I submit that the battle plan, at least the parts of it I have seen carried out on the occasions I’ve watched the show, is amateurish at best and woefully inadequate at worst. Capricious actions seem to be the order of the day, and usually take precedence over careful planning.
Further, this haphazard (and I use the term deliberately) approach to their “campaign” is underscored and worsened by the abysmal level of skills development and training provided for both the crew and the officers. There is really an undeniable Keystone Cops flavor to the whole program. Having an officer in charge of the helm who could not use and did not believe the instruments before him does nothing to inspire confidence either up or down the chain of command.

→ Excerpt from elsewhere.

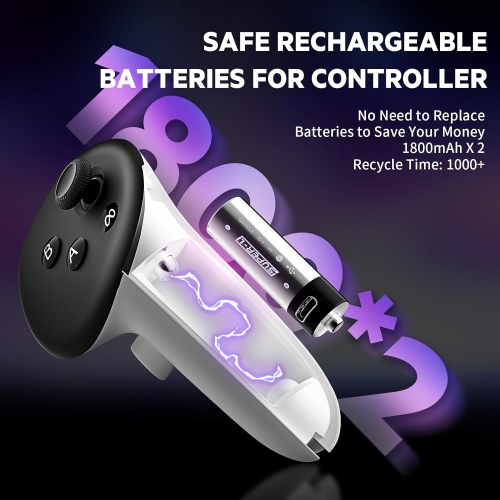 Station de recharge pour Oculus/Meta Quest 3 avec éclairage RVB, recharge rapide USB-C, casque et accessoires de support de manette avec 2 batteries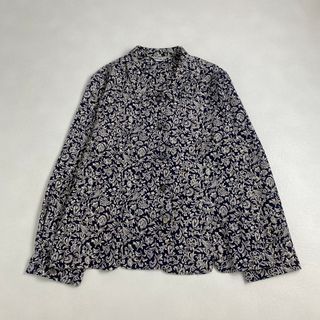 ヴィンテージ　ブラウス　総柄　花柄　ボタニカル　ペイズリー　90s　00s　黒(シャツ/ブラウス(長袖/七分))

So no, I do not excuse these stupidities as merely artifacts of the movie making process or of the editor’s knife. And I do not excuse them as somehow necessary to the mission. There are only two possibilities:
One, the top levels of management of Sea Shepherds are oblivious to the large and unnecessary dangers their cavalier approach to safety imposes upon their volunteer crews. I find such a level of abject stupidity difficult to imagine in people who appear otherwise competent, but I cannot deny the possibility. There is though another alternative, to wit:
Two, the top levels of management of Sea Shepherds are completely aware of the dangers, but they care less about the peril in which they place their ideologically passionate volunteers than they do about raising funds and keeping themselves and their mission firmly in the public eye. And so they actively accept and encourage potential dangers knowing full well the relationship between disaster and media attention. They court disaster in daily operations for its media value, and withholding or ignoring reasonable safety and competence training is a conscious choice made as a means toward that end. The volunteer crew are merely expendable dupes and pawns in a much bigger game with very high stakes.
If in fact, as in One above, the principals are merely ideologically driven idiots, that would be bad enough. It might even justify the entertainment value of the show in a point-and-laugh kind of way.
If instead the principals are ideologically driven cold and calculating people who deliberately place others in peril to further their own agenda, then they are simply craven bastards and we should stop watching their show, stop sending them money, and suggest that they should be the targets of legal action for depraved indifference (or something—IANAL).